Task requirements: In your reply, reproduce the lines from the first one below to the line containing "Essentials T-Shirt Cream - 21SS 착용 스타일", inclusive, exactly as they stand.

[Caption-style text data]

◇ ◇ ◇ ◇

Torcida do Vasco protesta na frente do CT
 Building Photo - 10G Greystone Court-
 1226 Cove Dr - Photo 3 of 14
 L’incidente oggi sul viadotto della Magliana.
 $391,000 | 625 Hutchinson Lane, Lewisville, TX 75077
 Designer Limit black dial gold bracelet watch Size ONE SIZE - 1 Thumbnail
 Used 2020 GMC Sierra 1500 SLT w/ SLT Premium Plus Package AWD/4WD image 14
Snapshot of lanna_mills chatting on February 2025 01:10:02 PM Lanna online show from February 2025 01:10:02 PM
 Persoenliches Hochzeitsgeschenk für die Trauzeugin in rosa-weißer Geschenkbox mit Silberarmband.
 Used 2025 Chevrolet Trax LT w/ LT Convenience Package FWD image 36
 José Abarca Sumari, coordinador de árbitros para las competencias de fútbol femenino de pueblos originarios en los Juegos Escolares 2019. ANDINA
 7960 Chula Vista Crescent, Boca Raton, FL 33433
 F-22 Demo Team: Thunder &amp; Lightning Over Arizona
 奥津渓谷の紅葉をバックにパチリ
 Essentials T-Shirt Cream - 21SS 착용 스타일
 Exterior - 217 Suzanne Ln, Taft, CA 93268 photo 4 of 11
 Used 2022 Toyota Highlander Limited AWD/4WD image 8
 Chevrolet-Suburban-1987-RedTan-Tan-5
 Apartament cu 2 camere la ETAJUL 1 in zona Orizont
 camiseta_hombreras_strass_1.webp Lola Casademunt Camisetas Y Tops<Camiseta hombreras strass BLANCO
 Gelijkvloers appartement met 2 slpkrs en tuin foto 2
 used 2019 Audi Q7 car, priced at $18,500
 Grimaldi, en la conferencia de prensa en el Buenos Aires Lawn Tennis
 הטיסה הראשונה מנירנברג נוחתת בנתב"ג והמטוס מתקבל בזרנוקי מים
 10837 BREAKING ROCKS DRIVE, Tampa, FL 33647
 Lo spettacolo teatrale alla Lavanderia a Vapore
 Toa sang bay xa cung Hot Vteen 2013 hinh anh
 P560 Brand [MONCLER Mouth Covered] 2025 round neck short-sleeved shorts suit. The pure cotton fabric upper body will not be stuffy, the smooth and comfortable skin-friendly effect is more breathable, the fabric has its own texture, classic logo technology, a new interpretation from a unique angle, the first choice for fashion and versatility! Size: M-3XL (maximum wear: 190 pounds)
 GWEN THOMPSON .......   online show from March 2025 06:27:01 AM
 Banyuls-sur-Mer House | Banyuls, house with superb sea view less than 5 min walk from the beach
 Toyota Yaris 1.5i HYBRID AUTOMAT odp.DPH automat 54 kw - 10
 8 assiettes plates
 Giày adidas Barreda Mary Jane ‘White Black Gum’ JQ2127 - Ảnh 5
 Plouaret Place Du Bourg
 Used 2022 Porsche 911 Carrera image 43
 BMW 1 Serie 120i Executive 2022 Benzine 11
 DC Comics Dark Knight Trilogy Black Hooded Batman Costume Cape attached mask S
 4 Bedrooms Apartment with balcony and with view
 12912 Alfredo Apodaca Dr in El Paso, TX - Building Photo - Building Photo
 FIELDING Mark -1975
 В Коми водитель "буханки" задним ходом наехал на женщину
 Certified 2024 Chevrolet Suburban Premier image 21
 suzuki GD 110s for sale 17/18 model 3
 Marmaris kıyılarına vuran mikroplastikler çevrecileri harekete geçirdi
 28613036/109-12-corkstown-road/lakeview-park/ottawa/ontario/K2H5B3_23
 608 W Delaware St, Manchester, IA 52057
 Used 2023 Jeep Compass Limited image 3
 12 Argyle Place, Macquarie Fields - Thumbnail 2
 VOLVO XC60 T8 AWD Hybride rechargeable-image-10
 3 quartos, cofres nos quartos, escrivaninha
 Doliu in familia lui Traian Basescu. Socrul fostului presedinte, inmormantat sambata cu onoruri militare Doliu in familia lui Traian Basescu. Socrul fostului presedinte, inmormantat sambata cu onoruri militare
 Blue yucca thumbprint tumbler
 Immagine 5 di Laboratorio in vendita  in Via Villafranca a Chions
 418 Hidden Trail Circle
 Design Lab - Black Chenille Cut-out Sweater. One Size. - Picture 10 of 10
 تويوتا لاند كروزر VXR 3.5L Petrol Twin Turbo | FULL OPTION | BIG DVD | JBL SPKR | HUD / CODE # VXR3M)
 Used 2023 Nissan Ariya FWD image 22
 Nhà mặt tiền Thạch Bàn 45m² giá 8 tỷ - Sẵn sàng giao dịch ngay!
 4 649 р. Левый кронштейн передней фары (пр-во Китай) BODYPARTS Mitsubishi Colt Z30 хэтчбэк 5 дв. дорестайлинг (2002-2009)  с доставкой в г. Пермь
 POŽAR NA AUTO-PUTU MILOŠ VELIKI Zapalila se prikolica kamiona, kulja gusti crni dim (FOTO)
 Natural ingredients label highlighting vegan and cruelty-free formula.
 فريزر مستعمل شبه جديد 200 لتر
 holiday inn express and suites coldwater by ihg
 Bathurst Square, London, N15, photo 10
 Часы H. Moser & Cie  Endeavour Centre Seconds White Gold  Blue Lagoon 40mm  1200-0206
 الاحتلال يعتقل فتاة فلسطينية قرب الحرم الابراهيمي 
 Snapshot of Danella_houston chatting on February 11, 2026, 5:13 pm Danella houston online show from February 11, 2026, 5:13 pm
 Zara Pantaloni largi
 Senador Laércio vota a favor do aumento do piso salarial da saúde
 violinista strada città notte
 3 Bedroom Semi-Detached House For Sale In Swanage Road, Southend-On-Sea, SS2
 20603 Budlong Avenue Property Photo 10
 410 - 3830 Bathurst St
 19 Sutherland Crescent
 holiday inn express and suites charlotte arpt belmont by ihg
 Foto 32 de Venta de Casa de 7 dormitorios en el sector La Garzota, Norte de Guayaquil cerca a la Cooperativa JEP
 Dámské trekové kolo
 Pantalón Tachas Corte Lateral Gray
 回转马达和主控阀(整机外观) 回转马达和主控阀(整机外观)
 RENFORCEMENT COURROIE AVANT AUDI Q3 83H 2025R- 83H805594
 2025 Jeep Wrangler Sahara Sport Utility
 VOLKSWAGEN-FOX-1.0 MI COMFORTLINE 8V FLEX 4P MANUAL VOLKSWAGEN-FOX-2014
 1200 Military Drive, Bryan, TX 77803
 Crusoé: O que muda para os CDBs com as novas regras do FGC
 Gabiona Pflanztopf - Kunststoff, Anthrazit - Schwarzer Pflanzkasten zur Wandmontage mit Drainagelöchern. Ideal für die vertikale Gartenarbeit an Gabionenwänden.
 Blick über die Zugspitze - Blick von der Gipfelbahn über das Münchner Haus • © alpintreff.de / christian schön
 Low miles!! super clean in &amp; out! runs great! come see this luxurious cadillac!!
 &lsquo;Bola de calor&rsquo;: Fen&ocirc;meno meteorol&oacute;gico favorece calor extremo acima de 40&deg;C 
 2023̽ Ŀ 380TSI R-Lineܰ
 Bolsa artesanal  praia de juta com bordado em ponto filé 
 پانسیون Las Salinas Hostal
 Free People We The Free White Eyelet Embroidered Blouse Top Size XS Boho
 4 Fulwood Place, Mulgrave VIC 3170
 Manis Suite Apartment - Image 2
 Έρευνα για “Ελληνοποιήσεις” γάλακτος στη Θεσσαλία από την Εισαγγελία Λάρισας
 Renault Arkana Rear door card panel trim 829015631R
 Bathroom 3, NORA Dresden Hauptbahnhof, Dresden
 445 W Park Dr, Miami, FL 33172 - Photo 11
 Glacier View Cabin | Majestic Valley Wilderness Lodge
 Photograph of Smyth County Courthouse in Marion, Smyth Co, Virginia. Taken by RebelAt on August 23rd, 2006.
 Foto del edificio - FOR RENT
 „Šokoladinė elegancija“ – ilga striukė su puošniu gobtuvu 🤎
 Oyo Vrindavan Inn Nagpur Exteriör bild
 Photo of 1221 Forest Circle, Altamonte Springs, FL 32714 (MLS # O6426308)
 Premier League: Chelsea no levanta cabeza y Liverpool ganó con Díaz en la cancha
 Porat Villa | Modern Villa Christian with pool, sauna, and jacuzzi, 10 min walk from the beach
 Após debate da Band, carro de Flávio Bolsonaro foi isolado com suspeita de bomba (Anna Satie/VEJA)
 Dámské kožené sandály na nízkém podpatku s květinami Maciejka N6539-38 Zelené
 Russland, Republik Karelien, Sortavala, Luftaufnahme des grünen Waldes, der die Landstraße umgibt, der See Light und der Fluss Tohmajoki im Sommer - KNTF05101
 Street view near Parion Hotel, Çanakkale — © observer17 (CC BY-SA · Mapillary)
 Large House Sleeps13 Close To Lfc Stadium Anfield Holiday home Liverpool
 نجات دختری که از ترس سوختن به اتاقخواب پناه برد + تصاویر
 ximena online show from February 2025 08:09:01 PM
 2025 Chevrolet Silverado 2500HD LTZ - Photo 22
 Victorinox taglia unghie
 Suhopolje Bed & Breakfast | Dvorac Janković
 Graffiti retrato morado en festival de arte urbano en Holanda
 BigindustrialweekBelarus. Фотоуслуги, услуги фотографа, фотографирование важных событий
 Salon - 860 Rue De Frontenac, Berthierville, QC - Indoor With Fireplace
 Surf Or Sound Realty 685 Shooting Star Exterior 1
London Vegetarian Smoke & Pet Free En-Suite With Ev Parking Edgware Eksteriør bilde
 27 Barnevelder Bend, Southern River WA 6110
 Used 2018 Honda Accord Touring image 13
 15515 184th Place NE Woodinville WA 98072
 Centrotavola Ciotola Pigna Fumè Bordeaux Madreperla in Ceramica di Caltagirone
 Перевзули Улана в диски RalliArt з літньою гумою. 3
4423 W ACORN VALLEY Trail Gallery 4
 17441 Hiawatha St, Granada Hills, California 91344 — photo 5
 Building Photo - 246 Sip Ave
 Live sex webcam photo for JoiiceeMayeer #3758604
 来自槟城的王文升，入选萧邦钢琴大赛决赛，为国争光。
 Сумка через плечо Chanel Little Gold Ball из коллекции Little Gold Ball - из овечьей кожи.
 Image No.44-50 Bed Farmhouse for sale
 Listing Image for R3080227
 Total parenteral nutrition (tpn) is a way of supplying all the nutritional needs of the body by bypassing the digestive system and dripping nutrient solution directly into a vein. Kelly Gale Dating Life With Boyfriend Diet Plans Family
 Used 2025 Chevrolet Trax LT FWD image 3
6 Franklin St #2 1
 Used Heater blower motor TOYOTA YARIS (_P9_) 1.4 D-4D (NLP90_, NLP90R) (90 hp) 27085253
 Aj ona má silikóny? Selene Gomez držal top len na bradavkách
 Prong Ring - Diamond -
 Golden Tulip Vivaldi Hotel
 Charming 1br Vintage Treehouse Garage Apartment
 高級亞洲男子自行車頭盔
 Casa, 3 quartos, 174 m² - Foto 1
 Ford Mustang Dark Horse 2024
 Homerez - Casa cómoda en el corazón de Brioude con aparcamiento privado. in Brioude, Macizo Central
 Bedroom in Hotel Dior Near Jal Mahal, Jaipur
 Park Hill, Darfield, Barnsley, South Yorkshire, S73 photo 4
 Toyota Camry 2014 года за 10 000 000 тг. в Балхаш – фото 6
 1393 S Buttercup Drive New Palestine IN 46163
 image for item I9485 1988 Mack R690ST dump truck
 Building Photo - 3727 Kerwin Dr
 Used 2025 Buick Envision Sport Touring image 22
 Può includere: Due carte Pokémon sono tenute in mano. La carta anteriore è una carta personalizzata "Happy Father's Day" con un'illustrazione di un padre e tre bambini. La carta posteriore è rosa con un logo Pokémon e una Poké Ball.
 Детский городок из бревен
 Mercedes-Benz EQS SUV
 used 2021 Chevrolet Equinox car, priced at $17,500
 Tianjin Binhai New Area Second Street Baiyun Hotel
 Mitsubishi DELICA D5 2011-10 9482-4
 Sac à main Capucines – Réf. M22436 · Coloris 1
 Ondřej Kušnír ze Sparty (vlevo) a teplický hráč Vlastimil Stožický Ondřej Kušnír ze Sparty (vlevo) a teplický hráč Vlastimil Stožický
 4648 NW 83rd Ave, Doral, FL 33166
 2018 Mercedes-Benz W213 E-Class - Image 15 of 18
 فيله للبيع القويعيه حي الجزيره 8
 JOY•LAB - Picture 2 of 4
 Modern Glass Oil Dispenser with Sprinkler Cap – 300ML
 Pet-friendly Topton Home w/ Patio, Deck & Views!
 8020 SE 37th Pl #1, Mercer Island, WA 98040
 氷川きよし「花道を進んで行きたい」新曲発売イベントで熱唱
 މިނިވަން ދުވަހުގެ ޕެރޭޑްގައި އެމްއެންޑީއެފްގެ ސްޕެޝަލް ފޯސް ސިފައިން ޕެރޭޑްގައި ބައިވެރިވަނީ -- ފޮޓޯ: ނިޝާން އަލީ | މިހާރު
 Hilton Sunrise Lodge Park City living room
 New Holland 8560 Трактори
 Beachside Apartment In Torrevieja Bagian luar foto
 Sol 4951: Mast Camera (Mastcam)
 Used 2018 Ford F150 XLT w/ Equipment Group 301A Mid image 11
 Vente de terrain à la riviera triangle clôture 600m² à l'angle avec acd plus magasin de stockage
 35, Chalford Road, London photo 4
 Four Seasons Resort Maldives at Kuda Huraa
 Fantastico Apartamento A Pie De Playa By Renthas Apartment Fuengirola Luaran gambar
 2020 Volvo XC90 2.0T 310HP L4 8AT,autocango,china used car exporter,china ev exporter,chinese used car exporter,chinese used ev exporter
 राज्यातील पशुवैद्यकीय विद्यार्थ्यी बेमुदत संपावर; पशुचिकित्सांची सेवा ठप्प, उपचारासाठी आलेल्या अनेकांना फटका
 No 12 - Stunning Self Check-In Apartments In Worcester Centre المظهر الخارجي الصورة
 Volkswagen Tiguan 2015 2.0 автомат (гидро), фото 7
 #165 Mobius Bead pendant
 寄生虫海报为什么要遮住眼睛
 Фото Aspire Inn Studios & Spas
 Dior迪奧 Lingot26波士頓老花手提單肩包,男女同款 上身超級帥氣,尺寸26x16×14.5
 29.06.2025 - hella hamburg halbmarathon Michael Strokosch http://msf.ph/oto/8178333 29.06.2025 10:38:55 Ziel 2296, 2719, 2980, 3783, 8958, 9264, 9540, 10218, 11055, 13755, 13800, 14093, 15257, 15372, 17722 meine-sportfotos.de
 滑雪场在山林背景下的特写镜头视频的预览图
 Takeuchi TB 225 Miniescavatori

◇ ◇ ◇ ◇

Result of the exercise:
Torcida do Vasco protesta na frente do CT
 Building Photo - 10G Greystone Court-
 1226 Cove Dr - Photo 3 of 14
 L’incidente oggi sul viadotto della Magliana.
 $391,000 | 625 Hutchinson Lane, Lewisville, TX 75077
 Designer Limit black dial gold bracelet watch Size ONE SIZE - 1 Thumbnail
 Used 2020 GMC Sierra 1500 SLT w/ SLT Premium Plus Package AWD/4WD image 14
Snapshot of lanna_mills chatting on February 2025 01:10:02 PM Lanna online show from February 2025 01:10:02 PM
 Persoenliches Hochzeitsgeschenk für die Trauzeugin in rosa-weißer Geschenkbox mit Silberarmband.
 Used 2025 Chevrolet Trax LT w/ LT Convenience Package FWD image 36
 José Abarca Sumari, coordinador de árbitros para las competencias de fútbol femenino de pueblos originarios en los Juegos Escolares 2019. ANDINA
 7960 Chula Vista Crescent, Boca Raton, FL 33433
 F-22 Demo Team: Thunder &amp; Lightning Over Arizona
 奥津渓谷の紅葉をバックにパチリ
 Essentials T-Shirt Cream - 21SS 착용 스타일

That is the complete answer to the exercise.